You get dust in watchcases because of temperature/pressure differences. When the watch is strapped to your wrist (or in your pocket) your body heats up the case and the air inside it. Warmer air expands, forcing air out of the case. When you take it off and put it on your dusty night table, it cools down. The air inside contracts, sucking in air and dust from outside. A good silicone-coated gasket keeps that to a minimum, but nothing is perfect.

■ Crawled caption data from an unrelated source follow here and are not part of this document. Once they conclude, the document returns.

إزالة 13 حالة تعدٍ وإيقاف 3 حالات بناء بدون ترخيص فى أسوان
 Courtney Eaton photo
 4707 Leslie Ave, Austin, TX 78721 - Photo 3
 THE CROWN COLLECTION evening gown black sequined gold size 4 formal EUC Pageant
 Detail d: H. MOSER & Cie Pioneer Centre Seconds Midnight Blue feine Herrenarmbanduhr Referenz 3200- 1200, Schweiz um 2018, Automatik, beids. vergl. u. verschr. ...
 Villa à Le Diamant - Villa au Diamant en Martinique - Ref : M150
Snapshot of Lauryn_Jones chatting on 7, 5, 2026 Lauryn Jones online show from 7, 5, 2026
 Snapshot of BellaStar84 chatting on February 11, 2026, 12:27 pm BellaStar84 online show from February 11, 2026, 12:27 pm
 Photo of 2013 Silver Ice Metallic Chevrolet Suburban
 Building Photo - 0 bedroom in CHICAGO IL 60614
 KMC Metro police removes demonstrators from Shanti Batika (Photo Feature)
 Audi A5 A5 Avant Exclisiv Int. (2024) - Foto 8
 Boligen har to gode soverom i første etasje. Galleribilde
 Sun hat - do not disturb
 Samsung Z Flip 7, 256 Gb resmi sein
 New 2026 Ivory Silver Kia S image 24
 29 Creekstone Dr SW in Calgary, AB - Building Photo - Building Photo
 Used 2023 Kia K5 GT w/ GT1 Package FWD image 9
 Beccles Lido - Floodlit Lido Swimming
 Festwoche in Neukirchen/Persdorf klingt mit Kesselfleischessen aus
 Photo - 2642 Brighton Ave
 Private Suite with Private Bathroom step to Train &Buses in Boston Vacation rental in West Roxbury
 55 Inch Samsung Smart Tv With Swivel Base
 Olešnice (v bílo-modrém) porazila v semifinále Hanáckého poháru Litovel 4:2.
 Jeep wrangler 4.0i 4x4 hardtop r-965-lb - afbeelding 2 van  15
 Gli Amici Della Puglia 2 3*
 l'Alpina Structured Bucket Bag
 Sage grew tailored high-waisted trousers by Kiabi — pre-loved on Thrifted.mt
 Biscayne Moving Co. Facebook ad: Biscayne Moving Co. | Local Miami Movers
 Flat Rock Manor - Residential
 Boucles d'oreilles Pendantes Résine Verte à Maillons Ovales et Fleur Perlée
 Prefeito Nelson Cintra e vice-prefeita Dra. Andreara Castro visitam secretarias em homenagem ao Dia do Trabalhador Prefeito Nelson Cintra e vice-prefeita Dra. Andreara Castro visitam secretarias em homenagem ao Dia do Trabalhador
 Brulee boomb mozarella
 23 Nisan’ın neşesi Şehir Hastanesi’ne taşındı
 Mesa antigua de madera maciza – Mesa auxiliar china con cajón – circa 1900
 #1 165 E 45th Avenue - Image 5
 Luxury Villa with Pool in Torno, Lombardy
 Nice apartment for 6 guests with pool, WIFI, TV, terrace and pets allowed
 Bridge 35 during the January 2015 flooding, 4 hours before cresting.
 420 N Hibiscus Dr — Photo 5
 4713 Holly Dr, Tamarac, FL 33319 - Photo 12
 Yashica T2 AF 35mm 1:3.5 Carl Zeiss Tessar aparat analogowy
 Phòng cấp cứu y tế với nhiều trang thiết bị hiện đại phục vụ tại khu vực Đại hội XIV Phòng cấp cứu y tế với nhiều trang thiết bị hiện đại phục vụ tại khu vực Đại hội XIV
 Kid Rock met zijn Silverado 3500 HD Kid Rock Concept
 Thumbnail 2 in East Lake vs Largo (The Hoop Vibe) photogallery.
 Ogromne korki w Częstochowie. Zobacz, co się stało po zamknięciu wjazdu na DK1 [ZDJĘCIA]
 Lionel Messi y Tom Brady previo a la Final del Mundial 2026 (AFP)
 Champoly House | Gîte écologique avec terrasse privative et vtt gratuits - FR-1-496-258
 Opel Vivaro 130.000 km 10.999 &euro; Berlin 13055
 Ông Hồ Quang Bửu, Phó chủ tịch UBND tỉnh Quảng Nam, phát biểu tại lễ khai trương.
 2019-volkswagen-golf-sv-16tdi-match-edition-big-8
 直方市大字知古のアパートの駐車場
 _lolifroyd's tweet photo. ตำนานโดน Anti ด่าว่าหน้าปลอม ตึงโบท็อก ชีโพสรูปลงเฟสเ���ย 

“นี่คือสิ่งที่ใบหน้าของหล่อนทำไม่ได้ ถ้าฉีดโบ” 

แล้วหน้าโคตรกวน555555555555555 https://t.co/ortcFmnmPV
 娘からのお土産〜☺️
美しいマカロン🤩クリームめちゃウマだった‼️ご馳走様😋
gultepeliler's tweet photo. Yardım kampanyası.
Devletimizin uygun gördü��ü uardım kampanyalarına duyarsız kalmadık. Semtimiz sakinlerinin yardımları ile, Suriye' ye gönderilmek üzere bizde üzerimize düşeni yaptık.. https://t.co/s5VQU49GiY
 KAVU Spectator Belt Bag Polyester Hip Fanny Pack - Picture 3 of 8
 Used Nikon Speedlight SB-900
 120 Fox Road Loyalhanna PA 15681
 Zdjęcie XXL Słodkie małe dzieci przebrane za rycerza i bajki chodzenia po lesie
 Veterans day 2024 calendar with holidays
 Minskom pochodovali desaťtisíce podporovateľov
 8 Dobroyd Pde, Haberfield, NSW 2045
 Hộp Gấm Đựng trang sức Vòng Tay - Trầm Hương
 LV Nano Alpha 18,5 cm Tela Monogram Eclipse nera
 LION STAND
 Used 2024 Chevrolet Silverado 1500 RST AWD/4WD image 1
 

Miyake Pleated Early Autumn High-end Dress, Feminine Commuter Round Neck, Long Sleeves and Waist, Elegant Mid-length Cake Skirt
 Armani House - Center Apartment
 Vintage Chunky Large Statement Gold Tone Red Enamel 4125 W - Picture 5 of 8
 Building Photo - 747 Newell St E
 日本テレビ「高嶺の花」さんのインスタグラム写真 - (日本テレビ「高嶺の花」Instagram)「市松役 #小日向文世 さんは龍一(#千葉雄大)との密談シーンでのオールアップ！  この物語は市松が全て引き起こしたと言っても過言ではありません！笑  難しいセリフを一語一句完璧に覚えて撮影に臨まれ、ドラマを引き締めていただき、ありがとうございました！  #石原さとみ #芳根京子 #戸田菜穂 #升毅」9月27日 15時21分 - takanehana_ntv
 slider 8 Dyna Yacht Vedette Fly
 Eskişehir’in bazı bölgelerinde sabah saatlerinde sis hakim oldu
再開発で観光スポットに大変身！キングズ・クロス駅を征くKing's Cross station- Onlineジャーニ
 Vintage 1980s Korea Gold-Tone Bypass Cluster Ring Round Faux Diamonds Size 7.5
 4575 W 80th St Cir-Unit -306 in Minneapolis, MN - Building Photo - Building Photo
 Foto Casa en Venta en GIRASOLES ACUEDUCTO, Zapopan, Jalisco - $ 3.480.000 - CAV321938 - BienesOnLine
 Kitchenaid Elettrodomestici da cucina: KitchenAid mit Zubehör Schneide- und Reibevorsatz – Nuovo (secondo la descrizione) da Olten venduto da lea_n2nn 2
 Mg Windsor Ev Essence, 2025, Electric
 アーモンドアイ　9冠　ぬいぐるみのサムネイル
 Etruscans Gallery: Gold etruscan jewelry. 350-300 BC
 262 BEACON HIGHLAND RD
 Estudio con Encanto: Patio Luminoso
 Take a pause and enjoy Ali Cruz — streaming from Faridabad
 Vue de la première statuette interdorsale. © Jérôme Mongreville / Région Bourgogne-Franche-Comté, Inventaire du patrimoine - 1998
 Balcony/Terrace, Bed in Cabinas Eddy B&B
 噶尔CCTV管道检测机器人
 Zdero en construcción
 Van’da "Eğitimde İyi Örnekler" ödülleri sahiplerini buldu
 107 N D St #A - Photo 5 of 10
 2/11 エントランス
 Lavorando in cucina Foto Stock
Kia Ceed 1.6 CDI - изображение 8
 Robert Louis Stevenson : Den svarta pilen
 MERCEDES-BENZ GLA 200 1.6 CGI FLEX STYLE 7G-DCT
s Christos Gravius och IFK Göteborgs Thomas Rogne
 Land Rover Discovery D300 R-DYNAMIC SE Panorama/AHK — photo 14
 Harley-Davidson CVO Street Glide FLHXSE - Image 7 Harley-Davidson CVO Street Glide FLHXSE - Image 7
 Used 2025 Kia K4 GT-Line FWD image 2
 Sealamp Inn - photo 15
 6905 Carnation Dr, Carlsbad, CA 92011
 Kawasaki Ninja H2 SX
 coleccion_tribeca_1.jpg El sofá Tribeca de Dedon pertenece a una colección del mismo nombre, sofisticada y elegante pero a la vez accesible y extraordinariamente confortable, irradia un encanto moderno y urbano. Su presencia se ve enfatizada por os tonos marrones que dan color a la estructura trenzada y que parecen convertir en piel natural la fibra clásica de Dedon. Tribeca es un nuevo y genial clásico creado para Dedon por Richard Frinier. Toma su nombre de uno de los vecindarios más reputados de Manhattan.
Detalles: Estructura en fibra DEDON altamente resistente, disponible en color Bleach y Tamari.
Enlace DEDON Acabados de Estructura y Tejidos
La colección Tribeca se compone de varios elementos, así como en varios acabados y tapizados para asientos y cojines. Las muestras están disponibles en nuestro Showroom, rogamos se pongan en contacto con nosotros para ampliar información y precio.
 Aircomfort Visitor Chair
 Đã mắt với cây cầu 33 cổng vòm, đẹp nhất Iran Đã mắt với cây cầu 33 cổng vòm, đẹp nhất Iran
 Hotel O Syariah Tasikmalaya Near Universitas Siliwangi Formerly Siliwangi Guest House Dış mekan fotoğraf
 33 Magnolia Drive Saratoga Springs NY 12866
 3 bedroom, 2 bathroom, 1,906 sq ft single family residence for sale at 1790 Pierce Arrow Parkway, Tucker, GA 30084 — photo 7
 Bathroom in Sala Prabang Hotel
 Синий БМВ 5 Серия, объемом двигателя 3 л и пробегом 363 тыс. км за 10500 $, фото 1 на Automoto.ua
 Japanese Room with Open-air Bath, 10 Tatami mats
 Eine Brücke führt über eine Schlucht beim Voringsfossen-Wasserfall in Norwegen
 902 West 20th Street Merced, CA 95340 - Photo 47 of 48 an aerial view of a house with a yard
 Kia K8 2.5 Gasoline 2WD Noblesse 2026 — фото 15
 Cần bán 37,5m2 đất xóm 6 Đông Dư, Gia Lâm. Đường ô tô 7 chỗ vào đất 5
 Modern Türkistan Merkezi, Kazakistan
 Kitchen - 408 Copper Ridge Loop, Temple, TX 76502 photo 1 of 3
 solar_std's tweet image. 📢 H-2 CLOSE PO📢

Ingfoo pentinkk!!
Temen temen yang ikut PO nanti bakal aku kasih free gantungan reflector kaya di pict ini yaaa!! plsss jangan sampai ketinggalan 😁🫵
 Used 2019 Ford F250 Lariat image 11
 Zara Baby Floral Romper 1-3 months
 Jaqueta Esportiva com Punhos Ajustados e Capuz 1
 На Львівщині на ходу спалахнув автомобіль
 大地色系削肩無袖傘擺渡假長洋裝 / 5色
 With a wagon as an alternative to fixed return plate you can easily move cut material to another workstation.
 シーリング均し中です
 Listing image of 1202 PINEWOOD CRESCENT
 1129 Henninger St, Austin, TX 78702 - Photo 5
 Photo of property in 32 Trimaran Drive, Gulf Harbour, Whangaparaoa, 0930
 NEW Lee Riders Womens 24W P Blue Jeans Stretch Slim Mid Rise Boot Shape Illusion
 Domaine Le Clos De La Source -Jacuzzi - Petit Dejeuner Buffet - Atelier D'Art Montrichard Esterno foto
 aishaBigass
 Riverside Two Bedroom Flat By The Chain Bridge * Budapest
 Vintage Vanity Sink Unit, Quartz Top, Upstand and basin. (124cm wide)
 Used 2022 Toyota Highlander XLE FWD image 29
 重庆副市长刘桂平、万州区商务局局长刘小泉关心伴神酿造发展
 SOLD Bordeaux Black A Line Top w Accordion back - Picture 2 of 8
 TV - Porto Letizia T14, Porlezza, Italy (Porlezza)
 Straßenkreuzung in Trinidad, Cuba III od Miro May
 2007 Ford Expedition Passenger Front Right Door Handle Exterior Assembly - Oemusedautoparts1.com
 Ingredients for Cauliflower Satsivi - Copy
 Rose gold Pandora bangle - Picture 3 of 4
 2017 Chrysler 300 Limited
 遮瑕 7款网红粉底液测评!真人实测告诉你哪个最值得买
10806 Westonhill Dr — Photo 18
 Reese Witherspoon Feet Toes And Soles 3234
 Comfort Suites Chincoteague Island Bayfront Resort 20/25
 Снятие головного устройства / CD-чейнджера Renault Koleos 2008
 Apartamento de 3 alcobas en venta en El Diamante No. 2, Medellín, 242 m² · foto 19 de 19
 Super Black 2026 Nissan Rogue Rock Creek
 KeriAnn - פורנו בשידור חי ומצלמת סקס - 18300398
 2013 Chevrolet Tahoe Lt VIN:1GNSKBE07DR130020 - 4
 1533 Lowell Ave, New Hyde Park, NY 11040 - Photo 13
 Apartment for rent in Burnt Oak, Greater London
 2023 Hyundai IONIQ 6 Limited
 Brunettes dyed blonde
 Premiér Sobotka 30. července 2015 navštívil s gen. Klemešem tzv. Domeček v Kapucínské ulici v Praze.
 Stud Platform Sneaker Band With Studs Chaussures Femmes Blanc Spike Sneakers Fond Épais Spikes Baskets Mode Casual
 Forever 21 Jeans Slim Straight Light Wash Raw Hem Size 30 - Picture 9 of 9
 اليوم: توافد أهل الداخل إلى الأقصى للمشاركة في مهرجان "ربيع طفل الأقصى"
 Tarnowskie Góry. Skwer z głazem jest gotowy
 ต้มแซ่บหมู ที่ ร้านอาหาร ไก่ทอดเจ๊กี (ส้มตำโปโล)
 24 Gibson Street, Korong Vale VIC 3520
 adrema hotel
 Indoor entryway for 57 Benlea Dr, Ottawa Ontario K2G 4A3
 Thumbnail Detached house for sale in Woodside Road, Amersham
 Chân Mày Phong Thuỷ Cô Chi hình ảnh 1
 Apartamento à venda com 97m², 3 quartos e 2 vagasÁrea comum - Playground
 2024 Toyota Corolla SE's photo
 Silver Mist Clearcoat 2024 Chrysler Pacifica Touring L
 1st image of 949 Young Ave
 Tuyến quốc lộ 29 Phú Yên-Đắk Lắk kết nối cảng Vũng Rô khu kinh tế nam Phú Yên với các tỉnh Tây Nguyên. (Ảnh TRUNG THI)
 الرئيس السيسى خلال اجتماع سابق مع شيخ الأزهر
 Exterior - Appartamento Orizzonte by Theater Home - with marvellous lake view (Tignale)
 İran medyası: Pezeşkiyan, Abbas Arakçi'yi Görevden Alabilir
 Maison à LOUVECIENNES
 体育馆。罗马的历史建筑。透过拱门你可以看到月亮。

Even expensive oil is pretty cheap when you consider the cost per application.


----------



## lysanderxiii (Oct 4, 2006)

AbslomRob said:


> You get dust in watchcases because of temperature/pressure differences. When the watch is strapped to your wrist (or in your pocket) your body heats up the case and the air inside it. Warmer air expands, forcing air out of the case. When you take it off and put it on your dusty night table, it cools down. The air inside contracts, sucking in air and dust from outside. A good silicone-coated gasket keeps that to a minimum, but nothing is perfect.
> 
> Even expensive oil is pretty cheap when you consider the cost per application.


Ahhh, but many of the old vintage watches with the cup-type case have no gasket for the stem, just two slots in each cup for the stem to pass through.

Here is an example:


----------



## AbslomRob (Jun 13, 2009)

Not sure if watches like that were marketed as dustproof (or even dust protected). That one looks like it could have had a rubber gasket around the stem piece that would help reduce dust when the case was together though.


----------



## Somewhere else (Feb 17, 2006)

My old watch teacher--and this was in the days to stack heels for men, bell bottom pants and paisley shirts--used to speak of "crowns, dust proof crowns and watch proof crowns". The type of watch Lysander showed photos of never had gaskets around the stem piece on the crown when new.Dust proof crowns didn't really come in until the middle 1970s, I think.

Also, to talk about oil, we were still oiling clocks mainsprings with whale oil (and occasionally bigger pocket watches too) at that late date, and when the US banned the import of whale oil, it created a furor. Some clock makers bought gallons to stock up.

Once in a while we would get in a watch that had hadn't been serviced for many years that was originally oiled using fish oils. Into the 1950s, some people were still using oils derived from shark liver, cod liver and porpoise to oil watches.


----------